Does excessive CD122 expression, because of the lack of IL-6 signaling, have functional consequences? By examining STAT5 signaling, the authors found that CD122 up-regulation in the absence of IL-6 was associated with remarkably higher STAT5 phosphorylation in TFH cells from IL-6−/− mice compared with WT mice after influenza infection. Furthermore, using chimeric mice generated with mixed WT and STAT5a/bfl/fl-Cd4Cre bone marrow cells, the authors found that STAT5 deficiency led to enhanced TFH differentiation and totally abrogated TFH cell suppression by antibody to IL-6/R. These results suggest that IL-6 promotes GC-TFH cells through down-regulation of CD122, which limits STAT5 signaling.

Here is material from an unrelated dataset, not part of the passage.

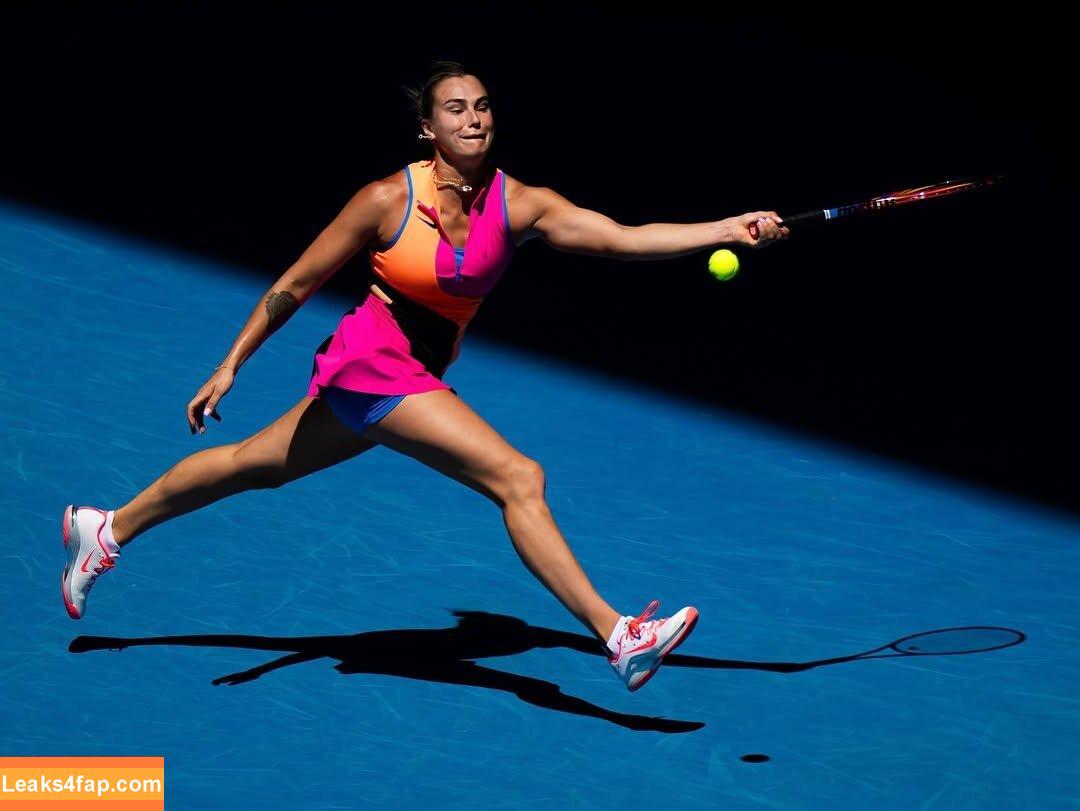 SimpCity Forums / reel слитое фото фото #0041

How does IL-6 suppress CD122 expression? The authors performed transposase-accessible chromatin-sequencing (ATAC-seq) using OT II CXCR5 effector T (TEFF) cells and TFH cells purified from WT or IL-6−/− mice infected with OVA-expressing influenza virus. Chromatin accessibility at the IL2rb locus of the TFH cells from IL-6−/− mice appeared to be distinct from that of the TFH cells from WT mice but similar to that of the TEFF cells from WT mice. To investigate the transcriptional regulation of the IL2rb gene, the authors mined the published data for chromatin immunoprecipitation sequencing (ChIP-seq) in CD4+ T cells (8) and identified highly overlapping STAT5 and STAT3 binding sites at the IL2rb locus. Whereas IL-6 treatment of in vitro–cultured cells substantially reduced STAT5 binding, it promoted the association of STAT3 to the IL2rb locus, which was consistent with the reported DNA binding competition between STAT3 and STAT5 for target genes. Together, data from these molecular assays suggest a model in which IL-6–induced STAT3 activation competes with IL-2–induced STAT5 to prevent transcriptional up-regulation of CD122 in TFH cells.

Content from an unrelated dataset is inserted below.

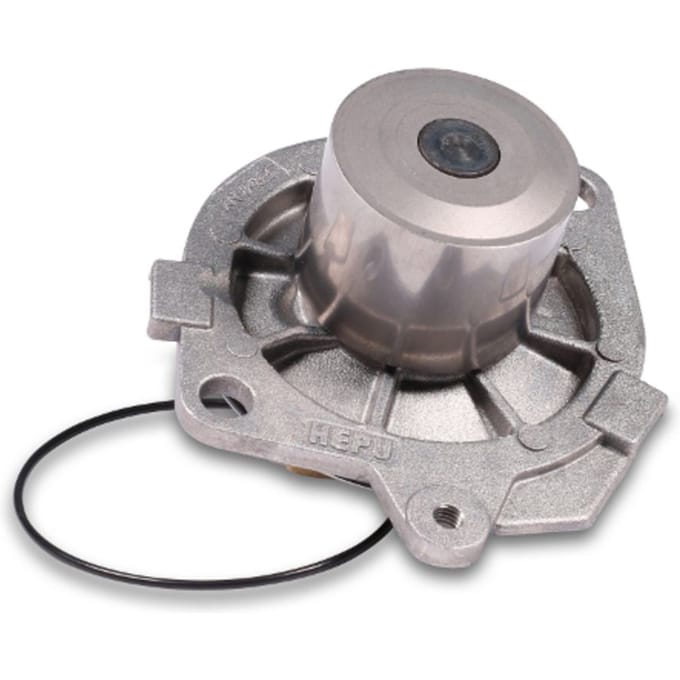Waterpomp HEPU P1055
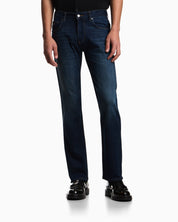 J45 Regular Fit Jeans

This study by Papillion et al. uncovered a previously unappreciated role of IL-6 in sustaining GC-TFH cells during the peak and maintenance of influenza infection. This supportive function of IL-6 is likely mediated by the induction of hyporesponsiveness to IL-2 in TFH cells after the priming phase. Data in this study also provided molecular insights into the suppression of IL2rb gene transcription by IL-6 signaling, which likely occurs, at least partially, through the prevention of STAT5 binding to the IL2rb locus. Future studies are needed to investigate whether IL-6 is superior to other STAT3-inducing cytokines or whether individual cytokines may play dominant or supplementary roles in a model-dependent manner. In addition to the frequency of GC-TFH cells focused by this study, it is also of interest to examine how IL-6 regulates the function of GC-TFH cells.

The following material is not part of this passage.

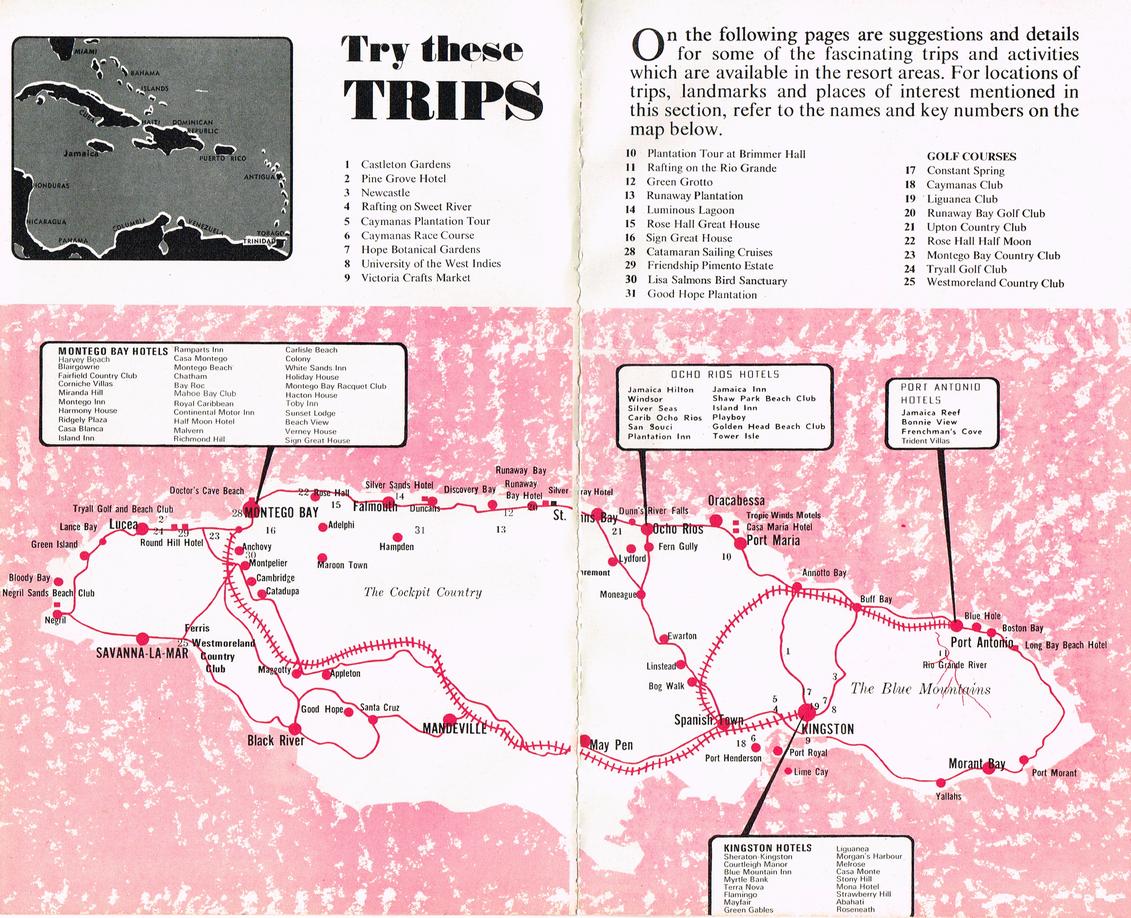Focus on Jamaica 1968 Dec p066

Fig. 1 GC-TFH cells highly produce IL-2 but maintain IL-2 hyporesponsiveness.

Upon primed by antigens in T cell zone, naïve CD4+ T cells can differentiate into CXCR5 effector T (TEFF) cells or CXCR5+ follicular helper T (TFH) cells that migrate into B cell follicles. TFH cells further differentiate and locate in the GC to regulate antibody affinity maturation and humoral memory formation. Sustained antigen presentation to TFH and GC-TFH cells leads to abundant production of IL-2, which potentially inhibits TFH generation through this autocrine loop. In the mouse model of influenza infection, IL-6 signaling in TFH cells activates STAT3, which competes with IL-2–induced STAT5 for binding to the Il2rβ locus. By inhibiting CD122 (IL-2Rβ) expression on TFH cells, IL-6 reduces the cellular responsiveness to IL-2 and promotes the generation of GC-TFH cells.